For more information, see:

    o 0x25: KRB_AP_ERR_SKEW: Clock Skew too great later in this white paper.

    o Clock Skew network trace in Appendix A.

Resolution
For information about how to use an external time source to synchronize
all the computers in a domain, see “How to Configure an Authoritative Time
Server in Windows 2000” in the Microsoft Knowledge Base at
http://go.microsoft.com/fwlink/?LinkId=23042.
"""

	The reference above to "0x25: KRB_AP_ERR_SKEW: Clock Skew too great
        later in this white paper" refers to this:

"""
0x25 - KRB_AP_ERR_SKEW: Clock skew too great

Associated internal Windows error codes

    o STATUS_TIME_DIFFERENCE_AT_DC

Corresponding debug output messages

    o DebugLog(“Client asked for endtime before starttime\n”)

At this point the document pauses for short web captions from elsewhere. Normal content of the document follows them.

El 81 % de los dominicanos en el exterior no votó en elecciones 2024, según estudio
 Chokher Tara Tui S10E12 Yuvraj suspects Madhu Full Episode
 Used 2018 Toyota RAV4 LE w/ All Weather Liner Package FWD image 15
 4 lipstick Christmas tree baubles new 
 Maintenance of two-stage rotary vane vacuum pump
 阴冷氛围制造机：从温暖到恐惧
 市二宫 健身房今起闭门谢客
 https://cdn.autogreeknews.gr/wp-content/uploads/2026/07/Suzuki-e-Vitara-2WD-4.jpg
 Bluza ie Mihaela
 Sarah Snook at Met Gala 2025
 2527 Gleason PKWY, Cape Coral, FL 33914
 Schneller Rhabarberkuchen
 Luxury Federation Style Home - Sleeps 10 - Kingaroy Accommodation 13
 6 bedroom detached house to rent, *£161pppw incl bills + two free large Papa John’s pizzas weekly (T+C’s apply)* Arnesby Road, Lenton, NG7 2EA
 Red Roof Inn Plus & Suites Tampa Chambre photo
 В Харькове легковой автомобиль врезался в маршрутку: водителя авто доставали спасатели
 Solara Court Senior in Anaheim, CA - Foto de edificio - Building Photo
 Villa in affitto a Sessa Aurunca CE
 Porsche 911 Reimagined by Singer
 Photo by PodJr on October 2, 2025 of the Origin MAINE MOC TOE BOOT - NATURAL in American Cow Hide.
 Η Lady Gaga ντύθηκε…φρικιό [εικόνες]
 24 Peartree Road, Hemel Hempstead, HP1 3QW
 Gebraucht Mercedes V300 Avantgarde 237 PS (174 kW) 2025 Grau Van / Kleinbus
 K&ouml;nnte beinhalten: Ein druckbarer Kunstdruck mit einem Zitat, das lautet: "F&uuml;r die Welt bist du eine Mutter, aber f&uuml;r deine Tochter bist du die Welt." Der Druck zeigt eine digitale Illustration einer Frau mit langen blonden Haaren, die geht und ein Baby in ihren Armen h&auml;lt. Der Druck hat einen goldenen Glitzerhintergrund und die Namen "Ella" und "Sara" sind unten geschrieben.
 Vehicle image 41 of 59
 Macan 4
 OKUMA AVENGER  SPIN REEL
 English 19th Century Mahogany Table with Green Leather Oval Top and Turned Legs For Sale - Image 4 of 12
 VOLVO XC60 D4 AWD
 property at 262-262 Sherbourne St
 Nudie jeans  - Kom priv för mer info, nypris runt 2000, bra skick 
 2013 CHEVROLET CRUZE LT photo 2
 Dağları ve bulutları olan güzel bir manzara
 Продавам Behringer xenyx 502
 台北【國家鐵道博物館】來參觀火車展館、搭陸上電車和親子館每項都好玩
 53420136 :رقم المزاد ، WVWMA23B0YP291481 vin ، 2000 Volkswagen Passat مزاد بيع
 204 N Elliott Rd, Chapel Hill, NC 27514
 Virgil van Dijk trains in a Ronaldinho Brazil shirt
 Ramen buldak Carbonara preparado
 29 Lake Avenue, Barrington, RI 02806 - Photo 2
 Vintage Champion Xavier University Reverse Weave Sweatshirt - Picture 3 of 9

Possible Causes and Resolution

This error is logged if a client computer sends a timestamp whose value
differs from that of the server’s timestamp by more than the number of minutes
found in the *Maximum tolerance for computer clock synchronization* setting
in Kerberos policy.

Although this error might show up in the logs, it will not prevent a user
from being authenticated. When this error is returned, the domain controller
also supplies the correct time on the domain controller. The Kerberos client
uses the correct domain controller time to attempt the authentication request
a second time. Presuming that the user’s credentials are valid, the user will
be authenticated on the second try.

    o This error can more commonly occur as the number of notebooks — that is,
      disconnected computers — in your network increases.

      Beware that the higher you set the value of the Maximum tolerance for
      computer clock synchronization setting, the more susceptible the network
      becomes to replay attacks.

      To set *Maximum tolerance for computer clock synchronization* Kerberos policy:

          1. Open the domain security policy by clicking Start, Programs,
             Administrative Tools, Local Security Policy.

          2. Click Account Policies, and then click Kerberos Policy.

          3. Increase the value for Maximum tolerance for computer clock synchronization.

          4. You can either wait for the policy change to propagate or you can run
             gpupdate /force on the client computers to force propagation immediately.
"""